# Don't Try This At Home: Culinary Catastrophes from the World's Greatest Chefs



## mattfin (Apr 16, 2007)

This book was a collection of anecdotes from some of the world's great chefs about the experiences that only professional chefs could encounter. While some of the stories were truly excellent - like realizing that almost 1,000 pounds of lobster had gone bad just before a dinner, or a meal so poorly planned that people were waiting 4 hours for their food - some of the other stories were just annoying preening and completely self-congratulatory.

But that's what you get when you have a collection of stories written by people with different writing skills.

However, that brings me to the other complaint I had with this book. The editing job done by Kimberly Witherspoon and Andrew Friedman were so overdone that every story sounded like they were written by the same person. Sure,the content was different, and thus the stories varied in how interesting they were as a result, but the "voice" that told each story was almost identical. (Anthony Bourdain of course being a noted exception...). Again though, this is perhaps what needs to be done when people of varying writing talents are tasked with writing stories for a book.

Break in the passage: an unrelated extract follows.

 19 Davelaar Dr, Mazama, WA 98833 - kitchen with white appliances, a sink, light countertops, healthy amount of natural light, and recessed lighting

All in all, this is a book that is a good read for a professional chef. It certainly got my heart racing at times since I know how rough situations like these can be. And all I hope is that I never find myself in any of these situations when I am on the line.


----------



## kyheirloomer (Feb 1, 2007)

>Again though, this is perhaps what needs to be done when people of varying writing talents are tasked with writing stories for a book.<

Actually, Mat, your comments leading up to this were more on target.

What this is is a sign of poor editing. And, unfortunately, there's a lot of that going on in the cookery book world. 

I don't know how some of these editors (and, worse, ghos...I'm sorry, co-authors) get their jobs. But it's certainly not through any skill in the use of language.


----------



## benrias (May 2, 2003)

LOL....I loved your point about the Bourdain story. Sooooo true. The voice in his story was definitely his own! I don't wish that new year's event on ANYONE!


----------